Stratifies rebleeding risk to determine inpatient monitoring intensity.
ESGE, ACG, and BSG standard for endoscopic reporting of ulcer haemorrhage.
Section 2
Formula & Logic
Forrest Classification System
Class
Endoscopic Finding
30-day Rebleeding Risk
Ia
Spurting haemorrhage
55%
Ib
Oozing haemorrhage
55%
IIa
Non-bleeding visible vessel (NBVV)
43%
IIb
Adherent clot over ulcer
22%
IIc
Flat pigmented spot
10%
III
Clean-based ulcer
5%
Endoscopic Treatment Threshold
Ia, Ib, IIa: High risk — endoscopic treatment is mandatory.
IIb (adherent clot): Intermediate risk — clot removal ± treatment; evidence supports irrigation and removal of clot then treat base if NBVV present.
IIc, III: Low risk — endoscopic treatment not indicated; medical management and safe discharge consideration.
Section 3
Pearls/Pitfalls
Combination Endoscopic Therapy
For Forrest Ia/Ib/IIa: Use dual endoscopic therapy — adrenaline (epinephrine) injection PLUS mechanical (clips) or thermal modality.
Adrenaline alone is insufficient and not recommended as monotherapy per ESGE guidelines.
Over-the-scope clips (OTSCs) have superior haemostasis rates for Forrest Ia/IIa vs. through-the-scope clips.
High Dose PPI Post-Endoscopy
For Forrest Ia, Ib, IIa: Give high-dose PPI infusion (e.g. omeprazole 80mg bolus then 8mg/hr for 72h) after endoscopic haemostasis to reduce rebleeding and mortality.
Section 4
Next Steps
Post-Endoscopy Management
01
Forrest Ia/Ib/IIa: High-dose IV PPI 72h → oral PPI; inpatient 72h minimum with serial Hb checks.
02
Forrest IIb: Admit 24–48h; oral high-dose PPI; repeat endoscopy at 72h if clinically indicated.
03
Forrest IIc/III: Consider discharge with oral PPI; ensure H. pylori testing.
04
All patients: Identify and stop offending drugs (NSAIDs, antiplatelet); H. pylori test and treat.
Section 5
Evidence Appraisal
Primary Reference
Endoscopy in gastrointestinal bleeding
Forrest JA et al. • Lancet. 1974;2(7877): 394–397
Management of Nonvariceal Upper Gastrointestinal Bleeding: Guideline Recommendations From the International Consensus Group
Barkun AN et al. • Annals of Internal Medicine. 2019;171(11): 805–822
Section 6
Literature
Development
Described by James Forrest, Neil Finlayson, and David Shearman at the Western General Hospital, Edinburgh, and published in The Lancet in 1974. The classification arose from the first systematic endoscopic study of bleeding peptic ulcers, characterising the appearance of the bleeding vessel and correlating endoscopic findings with clinical outcomes.
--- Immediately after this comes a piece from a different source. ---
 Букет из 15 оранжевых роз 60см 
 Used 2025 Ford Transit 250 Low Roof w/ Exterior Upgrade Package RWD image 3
The paper was a landmark in establishing therapeutic endoscopy as a clinical discipline.
Enduring Relevance
The Forrest Classification is one of the oldest endoscopic classification systems still in active clinical use, endorsed by ESGE, BSG, and ACG for 50+ years. It underpins the evidence base for endoscopic haemostasis and high-dose PPI protocols after peptic ulcer bleeding. Modern refinements including numerical rebleeding risk data and the demonstration of superiority of dual vs. mono endoscopic therapy have built directly on the Forrest framework.